Class Action Complaint Alleging Various Defendants Conspired to Wrongfully Deny Authenticity of Warhol Paintings Survives Defense Motion to Dismiss New York Federal Court Holds

Plaintiff filed a class action against the Andy Warhol Foundation for the Visual Arts (a not-for-profit charitable trust), the Estate of Andy Warhol (which was valued at $400 million and which originally owned 100,000 Warhol works of art), Vincent Fremont (the exclusive sales agent for the Foundation’s Warhol paintings) individually and in his capacity as Successor Executor of the Estate, Vincent Fremont Enterprises and the Andy Warhol Authentication Board (a not-for profit corporation responsible for authenticating the works of Andy Warhol) alleging inter alia violations of state and federal antitrust laws; the class action complaint asserted that defendants conspired to control the market for Warhol works.

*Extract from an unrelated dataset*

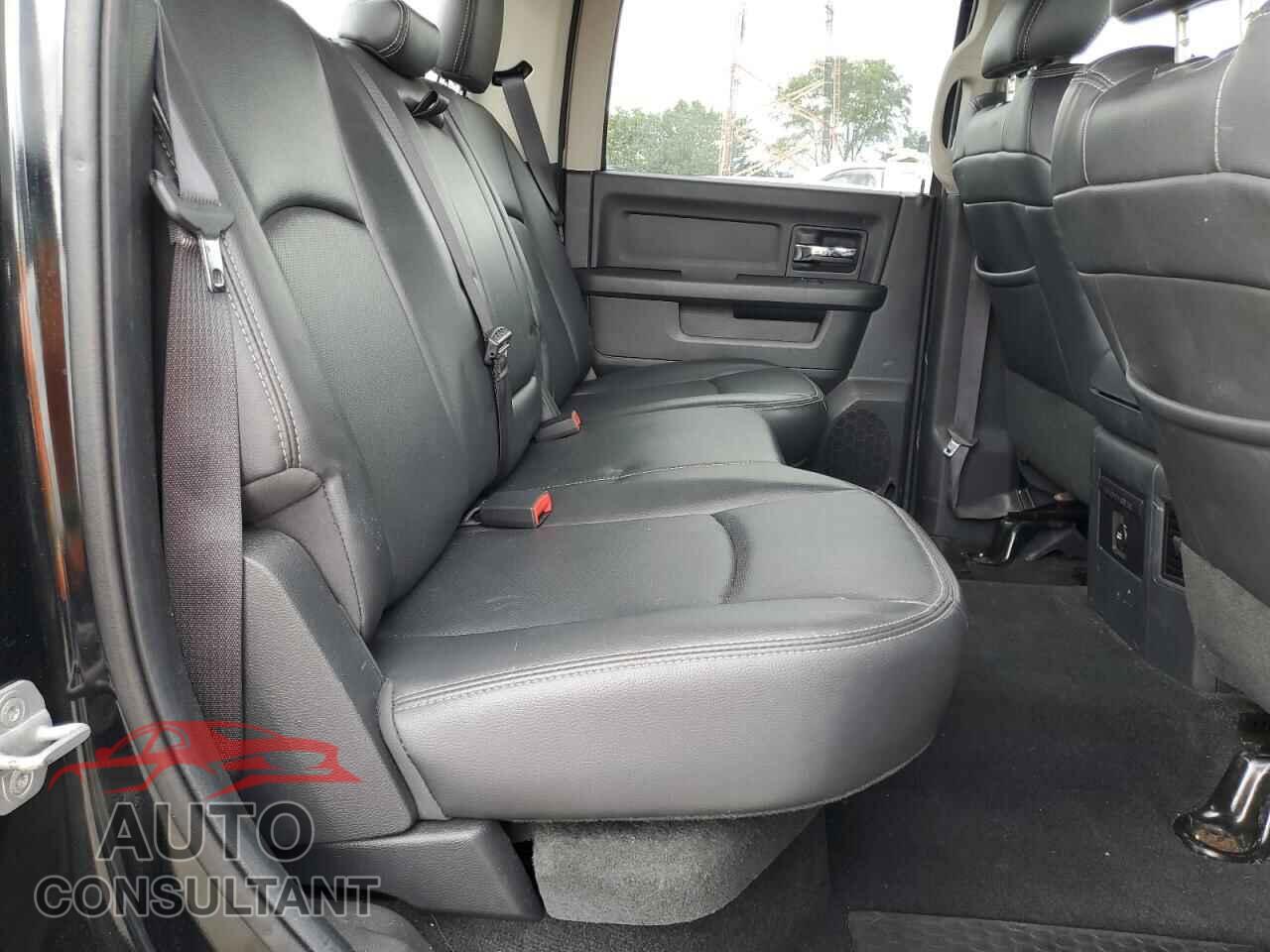 DODGE RAM 1500 2012 - 1C6RD7MT1CS321196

Simon-Whelan v. The Andy Warhol Foundation for the Visual Arts, Inc., ___ F.Supp.2d ___ (S.D.N.Y. May 26, 2009) [Slip Opn., at 1-2]. According to the allegations underlying the amended class action complaint, The Foundation and the Board (the “central actors in the conspiracy”) have “complete control over the authentication of Warhol artwork by virtue of the Board’s status as sole recognized authentication authority for Warhol works and the Foundation’s publication of an official catalogue of Warhol works,” and “the Board has denied the authenticity of works that were previously owned by the Estate and stamped with serial numbers from the Estate…, routinely denies the authenticity of a certain percentage of Warhols, particularly when several from the same series are submitted…, has denied authentication as a means of retaliation…, has approached owners of Warhols to ‘lure’ them into submitting their works for authentication…, and changes its authentication policies when the change suits the Board’s financial interests….” Id., at 3. In essence, the class action alleges that defendants “use their control over the authentication methods to create a scarcity in the market for Warhol artwork and inflate the value of the Warhol works in the Foundation’s possession.” Id., at 3-4. Defense attorneys moved to dismiss the class action complaint. Id., at 2. The district court granted the motion in part and denied the motion in part.

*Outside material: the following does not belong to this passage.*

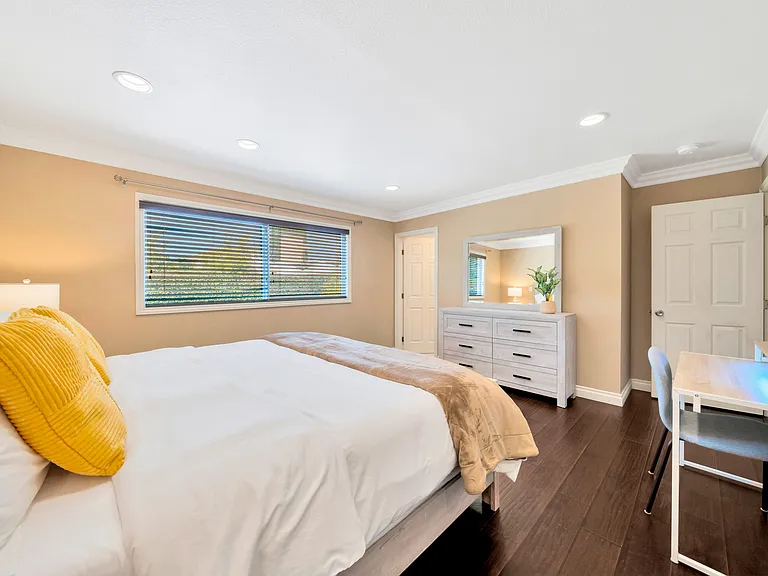 13341 Cromwell Dr — Photo 17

The class action complaint alleged that in 1989, plaintiff purchased a Warhol painting (later entitled “Double Denied”) for $195,000. Simon-Whelan, at 4. Plaintiff claims Warhol created the work in 1965, and that the Foundation and the Estate previously had authenticated the work. Id., at 4-5. In July 2001, plaintiff offered to sell the painting, id., at 5. Defendants “repeatedly urged” him to submit the painting to the Board, and represented to a prospective buyer that it “would not stand by the prior authentications” unless the painting was first submitted to the Board. Id. Plaintiff submitted the painting to the Board in December 2001; the Board denied that it was authenticate but plaintiff was told he could “resubmit the painting with additional documentation.” Id. “Plaintiff spent more than a year documenting the painting’s origin and history and resubmitted the painting with additional documentation in February 2003.” Id. The painting was again denied, id. Plaintiff alleges that the Board “fraudulently denied the authenticity” of the painting, id., at 5-6. The class action complaint alleged that, because of the denials,” Plaintiff was unable to sell any of the Warhols that he owned without first submitting them to the Board and that he was ultimately forced to sell his Warhols through third-parties at a fraction of the price.” Id., at 6.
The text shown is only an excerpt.